According to Dr Abidin, a creator’s relationship offers additional commercial and professional advantages.
Creators have additional ways to sell themselves to advertisers for sponsorships and branded content: by themselves, with just their partner or with the couple. Many agencies will sell influencer couples, which opens the pair up to new brand opportunities as well.
“From a brand perspective, it allows them to offer up a new narrative or plot line,” Dr Abidin said.
And there’s even the practical aspect of being an influencer. The stereotypical ‘influencer boyfriend’ — the partner who takes the photographs while the creator poses — plays an important role in producing the content that creators use.
Even breaking off a relationship can be beneficial if done right. In August this year, Australian online fitness entrepreneur Kayla Itsines and her partner Tobi Pearce posted they were breaking off their engagement.
Prior to the announcement, Pearce’s Instagram was haemorrhaging followers. But on the day of the post, thousands of people followed his account.
But Dr Abidin warns that there exists a lot of risk associated with de-coupling, including the breakdown of a business relationship, the loss of advertising opportunities and the reaction from fans and followers.
“Most influencers will announce a breakup weeks or months after the event, so they can package it properly,” she said.
And while there are many ways in which a relationship can be used by creators as part of their work, Dr Abidin cautions that it’s not possible for everyone.

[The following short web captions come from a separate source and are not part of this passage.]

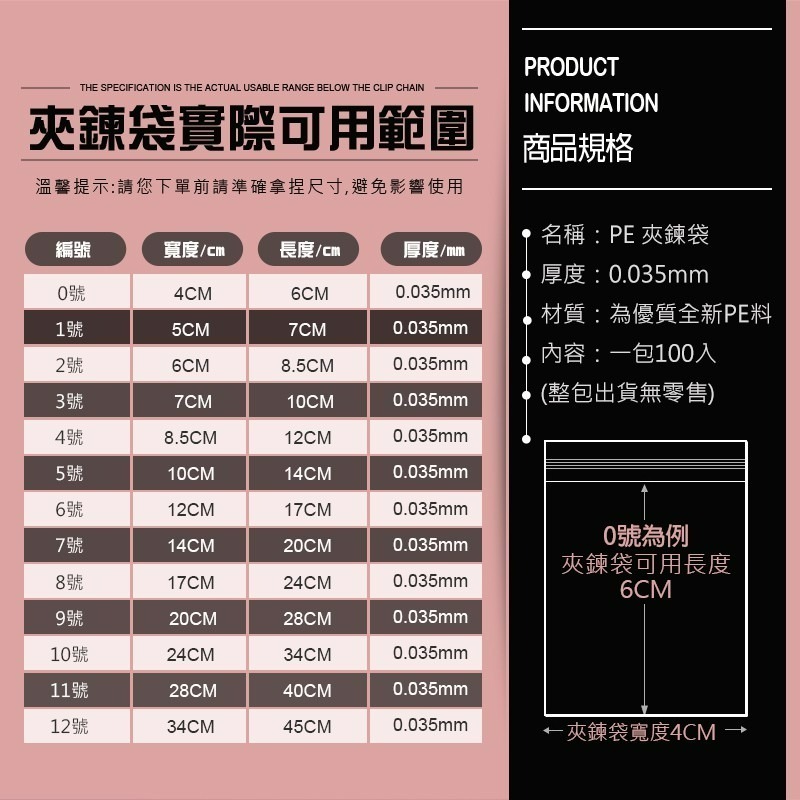 臺灣出貨 PE夾鏈袋 0~6號 由任袋 規格袋 保鮮袋拉鍊袋 零件袋 餅乾袋 飾品袋 夾鍊袋 收藏袋 零錢袋-細節圖7
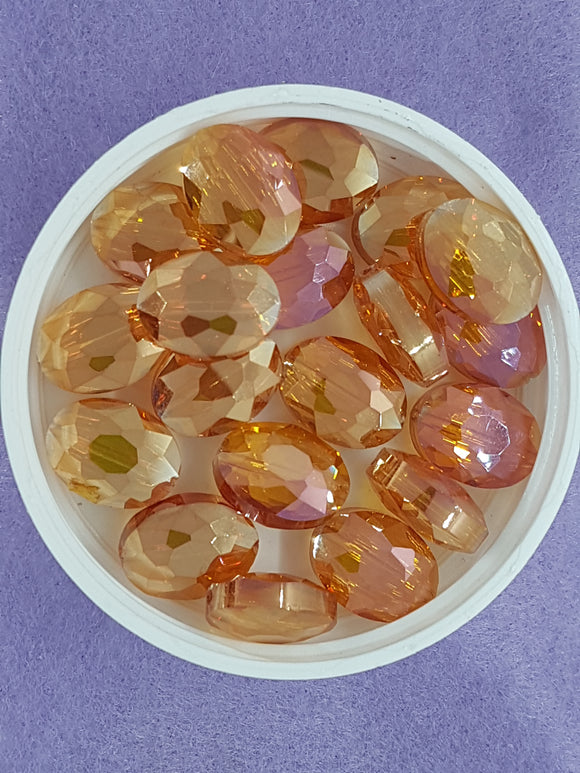 OVALS - 16 X 12MM FACETED CRYSTAL GLASS - E. PLATED BURNT ORANGE
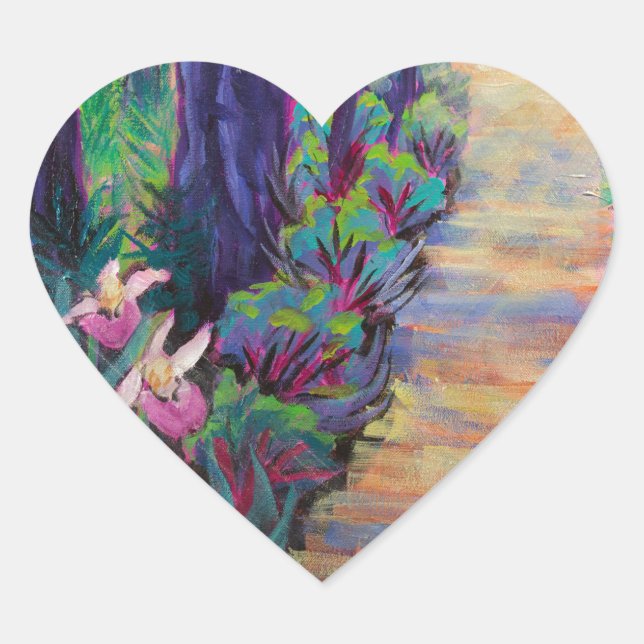 Lady Slippers on the Path Heart Sticker (Front)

Some creators may not want their relationship in the public eye. Others may find that their relationship could damage their appeal, like for creators who build their audience around being single.
And in some cases, creators have chosen to hide their same-sex relationships and even engage in faux-relationships publicly in countries where same-sex attraction remains illegal or taboo, Dr Abidin said.
While these relationships may be real, online creators treat them as they do other parts of their lives: as something to be manufactured, captured and broadcast.